Sophia looked at me very seriously and said that I hadn’t made a mistake.
She said that God’s timing was perfect, that he had a plan even in this painful situation.
She said that my boldness in confessing Christ, even when it cost me everything, would be a testimony that would reach far beyond what I could imagine.
I wanted to believe her.
I chose to believe her even though I couldn’t see it yet.
We prayed together before sleeping.
And then I lay on a simple mat on the floor of this small apartment.
So different from my luxurious bedroom.
And I felt more at peace than I ever had in the palace.
I had nothing now.
But I had everything that mattered.
I had Jesus.
The next day passed in a blur of final preparations.
Documents were checked and rechecked.
Instructions were repeated until I had them memorized.
Phone numbers were programmed into my phone of people who would help me once I landed in Germany.
A small amount of cash was given to me.
Donations from the house church members who barely had anything themselves.
As evening approached, the reality of what I was about to do hit me fully.
I was going to walk through Riyad airport, the most dangerous part of the entire escape.
My face and name were in the system.
If anything went wrong with the documents, if anyone recognized me, if the papers didn’t scan correctly, I would be arrested on the spot.
Maria drove me to the airport.
We didn’t talk much during the drive.
What was there to say? We both knew how risky this was.

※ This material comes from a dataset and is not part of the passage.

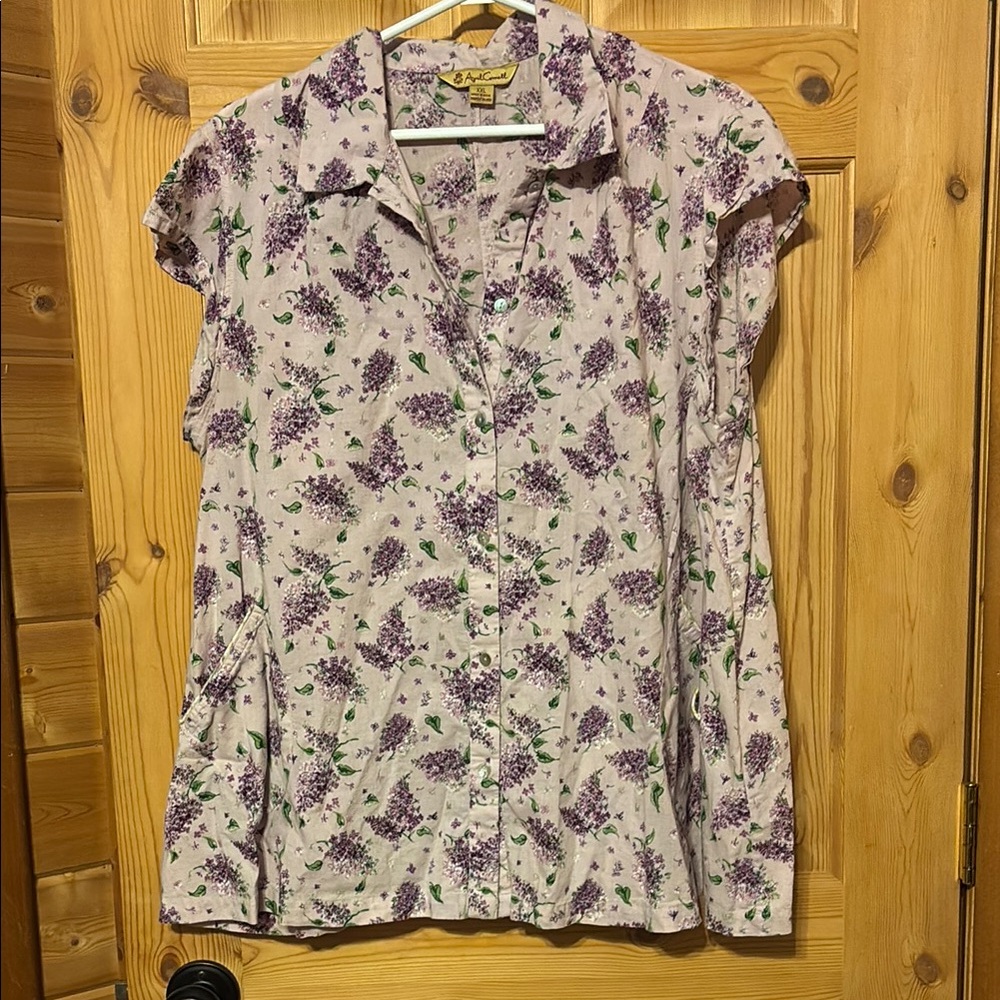 April Cornell Purple and Green Ruffled Blouse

We both knew I might not make it through.
She dropped me off at the departures area.
Before I got out of the car, she turned around and looked at me.

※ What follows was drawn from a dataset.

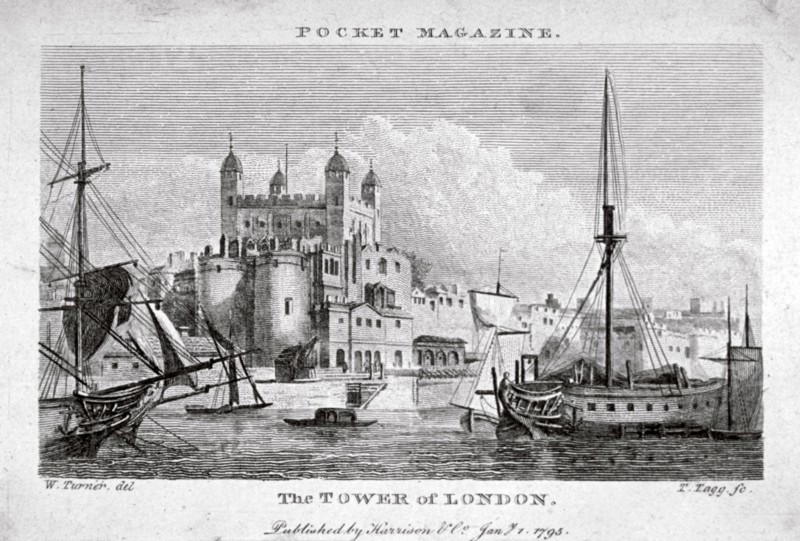 View of the Tower of London with boats on the River Thames, 1795. Artist: Thomas Tagg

She said that Jesus didn’t bring me this far to abandon me now.
She said to trust him completely.
Then she drove away and I was alone in the most dangerous moment of my life.
I walked into King Khaled International Airport with my small backpack and my fake documents and every prayer I had ever learned running through my mind.

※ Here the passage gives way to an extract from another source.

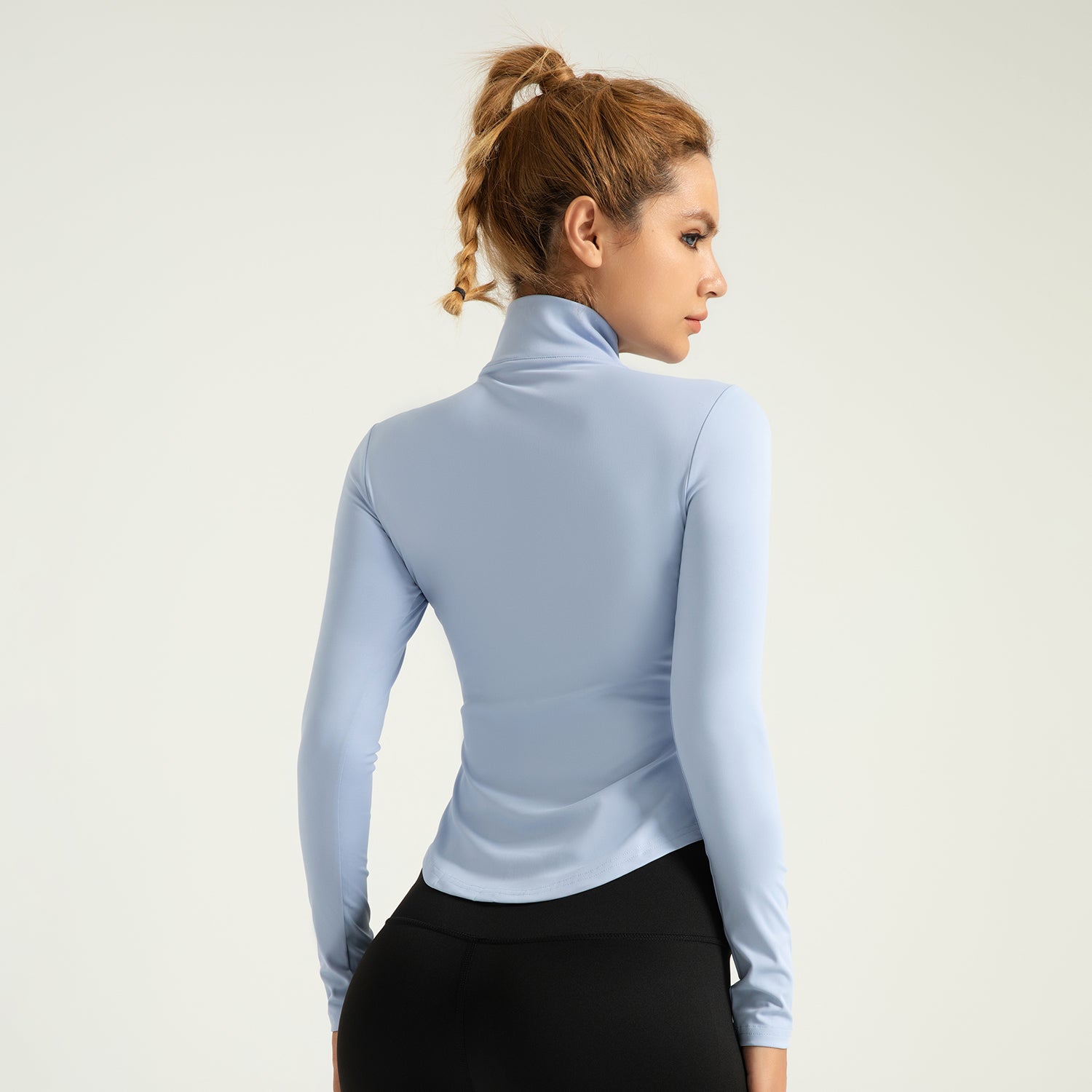 Sun Protection Zipper Yoga Clothes Nude Feel Skin-Friendly Tight Traceless Ventilation Sports Fitness Top Women LJYMC051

The airport was busy, full of families and business travelers and workers heading home to their countries.
I tried to blend in to look like just another woman traveling.
Nothing special, nothing suspicious.
The check-in line felt endless.
Every second I expected security guards to approach me.
Every camera felt like it was focused on my face.
I kept my head down, kept moving forward, kept praying silently.
Jesus, help me.
Jesus, protect me.
Jesus, get me through this.
When I reached the checkin counter, I handed over my documents with hands that I willed to stop shaking.
The agent looked at them, looked at me, looked back at the documents.
My heart stopped.
He was taking too long.
Something was wrong.
He was going to call security, but then he just stamped the papers and handed me a boarding pass just like that.
Like it was the most normal thing in the world.
I wanted to collapse with relief, but I still had to get through security and passport control.
Security screening was next.
I put my backpack on the conveyor belt, walked through the metal detector.
The guards barely looked at me.
I was just another covered woman invisible in my abaya.
I retrieved my bag and kept walking one foot in front of the other, not allowing myself to think about what could still go wrong.
Passport control was the final barrier.
This was where everything could fall apart.
The officers here had access to databases.
They could see if someone was flagged.
If my father had managed to get my information into the system despite his promises, this was where I would be stopped.
The line moved so slowly.
Each person ahead of me seemed to take forever.
I watched the officers scanning passports, asking questions, occasionally pulling someone aside for additional screening.
My mouth was completely dry.
My palms were sweating.
I was praying continuously.
no longer even forming words, just crying out to Jesus in my spirit.
Finally, it was my turn.
I stepped up to the booth and handed over my documents.
The officer was a man, middle-aged, bored looking.
He scanned the papers, looked at his screen, looked at me, looked back at his screen.
Time stopped.
Everything went silent except the pounding of my heart.
He was looking at something on his screen.
He was suspicious.
This was it.
This was where it all ended.
He asked me where I was traveling.
My voice came out steadier than I felt.
I told him Bahrain for a short visit.
He asked who I was traveling with.
I said I was meeting family there.
He looked at me for a long moment and I felt like he was seeing right through me, seeing all my secrets, seeing everything.
Then he stamped my papers and waved me through.
I walked away from that booth on legs that barely worked.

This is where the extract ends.